Hi folks, onetagger paused/hung on 2000 successful matches, 512 fails, of 43162 files. I'll try the new dev version now, cheers. Edit: tried yesterday's version on a subfolder (197 files): 5 mins in, no matches, no fails, nothing happening, can't cancel it, had to force kill. Now same deal with default v1.7.

I tried a different subfolder and that processed a few files (all of 1 subsubfolder) then stopped. However because onetagger doesn't process folders/files in order (e.g. from my alphabetical folder list it started at M), there's no way for me to deduce where it's failing.

I don't have Settings > Advanced > Open data dir > onetagger.log; closest I have is Settings > Preferences > Advanced, but it only has 2 client side options, nothing about logging.

Forgot to say here that the .log file is actually at Settings (gog icon) > general > "open data folder" button > onetagger.log

davidmacfadyen commented 8 months ago

I am now down to folders less than 15K, since we keep freezing. I'll tell you when I reach a workable number!

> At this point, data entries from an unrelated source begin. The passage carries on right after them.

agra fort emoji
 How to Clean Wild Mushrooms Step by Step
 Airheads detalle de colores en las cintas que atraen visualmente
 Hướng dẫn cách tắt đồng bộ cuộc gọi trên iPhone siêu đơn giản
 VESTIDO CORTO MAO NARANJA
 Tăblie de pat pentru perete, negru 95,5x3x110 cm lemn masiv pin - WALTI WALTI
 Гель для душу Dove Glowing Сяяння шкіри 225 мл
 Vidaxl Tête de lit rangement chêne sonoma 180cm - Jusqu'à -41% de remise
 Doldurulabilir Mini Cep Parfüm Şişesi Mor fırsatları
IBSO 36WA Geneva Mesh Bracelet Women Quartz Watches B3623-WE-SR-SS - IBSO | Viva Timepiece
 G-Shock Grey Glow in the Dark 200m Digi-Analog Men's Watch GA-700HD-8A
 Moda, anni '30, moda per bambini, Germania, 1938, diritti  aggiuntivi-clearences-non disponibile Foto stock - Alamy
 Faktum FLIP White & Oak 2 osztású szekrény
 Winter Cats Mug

SimonDedman commented 8 months ago

Forgot to say here that the .log file is actually at Settings (gog icon) > general > "open data folder" button > onetagger.log

Thank you mate; I'll give this a go when I'm home

SimonDedman commented 8 months ago

onetagger.log

Now attached, cheers

Marekkon5 commented 8 months ago

According to the log you're just getting rate limited by Spotify. There has been some reports that Spotify did rate limits for times as high as 24h, so this is ig the new norm. You should try waiting and tagging smaller batches or wait for us to add artificial delays to potentially prevent this.

SimonDedman commented 8 months ago

Cheers. I'll try turning Spotify off and see how I get on without it.

SimonDedman commented 8 months ago

Turning off Spotify worked for me. I wonder if there's scope to order the tag info providers by speed, access freedom, and database size? So that it would try the whole list first by a free, quick, largest dbase, then the remainder by the next, then the remainder by the next, ending up on Spotify with only the remaining untagged files, i.e. a smaller total list?

Marekkon5 commented 8 months ago

You can order the platforms yourself by dragging and dropping them. We already included info such as speed or whether it needs auth in the platform cards, so anyone can order them however they want.

SimonDedman commented 8 months ago

Oh jeez sorry mate, totally didn't realise that. Nice work, thanks!